While describing heart surgery as a “high risk surgery” where up to 20 per cent mortality is acceptable, Amah noted that the hospital had continued to improve by the day. According to him, unlike in the past, the hospital can now handle up to three cases in a day. He expressed appreciation to their partners from the VOOM Foundation led by Dr. Vincent Ohaju who have consistently assisted the hospital with medical equipments running into several millions of naira.

Amah noted that the hospital would want to carry out at least 100 open heart surgeries annually if enabled by funding, noting that because of the huge financial involvement in carrying out the exercise coupled with the fact that most people with heart related diseases were poor, most people were yet to take advantage of the exercise in the hospital.

“I can tell you that if we have improved funding, we can even handle 200 cases per annum and this will save this country huge sums of money that ordinarily would have left the country through capital flight,” he said.

The CMD disclosed that UNTH was in 1986 designated as centre of excellence for cardio-thoracic surgery having performed the first open heart surgery in sub-Sahara Africa in 1974 noting that the open heart surgery programme of the hospital suffered some reversals for 10 years, before it was reactivated by March 2013 through the collaboration of foreign partners.

Another key-member of the Cardiothoracic Surgery team of the hospital, Prof.
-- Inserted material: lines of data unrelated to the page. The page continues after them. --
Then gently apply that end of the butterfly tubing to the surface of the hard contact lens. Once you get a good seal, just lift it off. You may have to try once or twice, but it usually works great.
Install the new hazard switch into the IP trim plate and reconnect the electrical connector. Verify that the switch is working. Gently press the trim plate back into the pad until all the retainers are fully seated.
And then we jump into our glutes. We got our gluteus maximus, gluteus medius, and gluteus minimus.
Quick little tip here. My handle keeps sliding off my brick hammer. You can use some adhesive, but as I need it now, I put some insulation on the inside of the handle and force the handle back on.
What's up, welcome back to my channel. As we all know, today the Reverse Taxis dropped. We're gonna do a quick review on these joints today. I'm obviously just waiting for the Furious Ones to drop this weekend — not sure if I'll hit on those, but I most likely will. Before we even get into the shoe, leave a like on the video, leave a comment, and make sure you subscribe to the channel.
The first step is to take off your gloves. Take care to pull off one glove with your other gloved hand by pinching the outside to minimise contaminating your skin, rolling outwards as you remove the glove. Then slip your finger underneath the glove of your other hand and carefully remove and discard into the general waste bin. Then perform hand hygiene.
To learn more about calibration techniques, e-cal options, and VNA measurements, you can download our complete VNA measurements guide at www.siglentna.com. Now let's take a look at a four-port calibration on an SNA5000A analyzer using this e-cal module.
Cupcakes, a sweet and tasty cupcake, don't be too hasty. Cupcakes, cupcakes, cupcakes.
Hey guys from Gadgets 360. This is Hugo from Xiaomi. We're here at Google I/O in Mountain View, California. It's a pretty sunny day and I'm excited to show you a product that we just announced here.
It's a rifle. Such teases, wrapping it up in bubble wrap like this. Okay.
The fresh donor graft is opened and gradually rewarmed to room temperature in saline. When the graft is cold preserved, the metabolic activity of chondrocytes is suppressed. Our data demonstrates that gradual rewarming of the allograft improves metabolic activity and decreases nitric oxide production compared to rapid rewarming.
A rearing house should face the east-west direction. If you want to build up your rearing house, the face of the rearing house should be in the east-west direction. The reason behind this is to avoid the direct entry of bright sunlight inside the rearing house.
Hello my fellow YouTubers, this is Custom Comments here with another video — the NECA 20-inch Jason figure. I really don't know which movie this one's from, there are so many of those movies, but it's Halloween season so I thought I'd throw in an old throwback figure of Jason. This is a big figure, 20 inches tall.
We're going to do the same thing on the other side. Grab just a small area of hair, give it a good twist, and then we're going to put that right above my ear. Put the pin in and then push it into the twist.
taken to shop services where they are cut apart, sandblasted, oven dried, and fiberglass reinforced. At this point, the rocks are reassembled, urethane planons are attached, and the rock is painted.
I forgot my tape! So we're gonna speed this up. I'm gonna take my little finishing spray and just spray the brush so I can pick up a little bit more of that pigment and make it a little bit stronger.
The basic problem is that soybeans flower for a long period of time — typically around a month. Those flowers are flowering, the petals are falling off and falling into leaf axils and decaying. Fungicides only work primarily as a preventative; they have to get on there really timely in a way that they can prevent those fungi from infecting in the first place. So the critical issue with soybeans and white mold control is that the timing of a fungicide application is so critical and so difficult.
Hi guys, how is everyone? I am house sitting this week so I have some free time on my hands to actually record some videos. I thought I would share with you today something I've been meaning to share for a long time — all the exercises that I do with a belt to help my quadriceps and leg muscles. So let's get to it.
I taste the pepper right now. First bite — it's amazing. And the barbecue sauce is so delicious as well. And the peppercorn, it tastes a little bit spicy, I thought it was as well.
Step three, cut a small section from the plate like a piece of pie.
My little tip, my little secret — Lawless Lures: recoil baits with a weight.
Martin Aghaji praised the success rate of the programme in the hospital insisting that since 2013, even local hands have continued to improve.

“There is no doubt about it; it has made a lot of difference. The foreign team coming has helped a lot, first and foremost in terms of specialised manpower, too in terms of equipment, and three in terms of money and logistics. And the success rate is encouraging despite the fact that their cases are very, very bad cases.

“The point is that it has to be gradual, at the moment we are doing all closed heart surgery, that’s in between the mid ribs and I can assure you that after this mission we will start doing probably once every week,” he said expressing hope that before long, doctors in the hospital would take effective charge of the programme.

“First and foremost if you look at facilities here, you are looking at facilities just like in Europe, we didn’t have it in the old site. The support is there, the management has been wonderful; mind you that this centre was built as an ordinary ward from direct labour. If it were to be built by government, it would have cost probably 100 times what it costs and finished probably in 100 years,” he said.

Though the hospital had handled only 175 surgeries, the number remains a far-cry compared to the array of people still waiting on the line to take part in the process. There are equally so many others who are obviously inhibited by funds constraints. Despite the seeming small number, it remains a cheery news that at last most Nigerians may have finally found a solution to the constant foreign trips on account of heart-related ailments.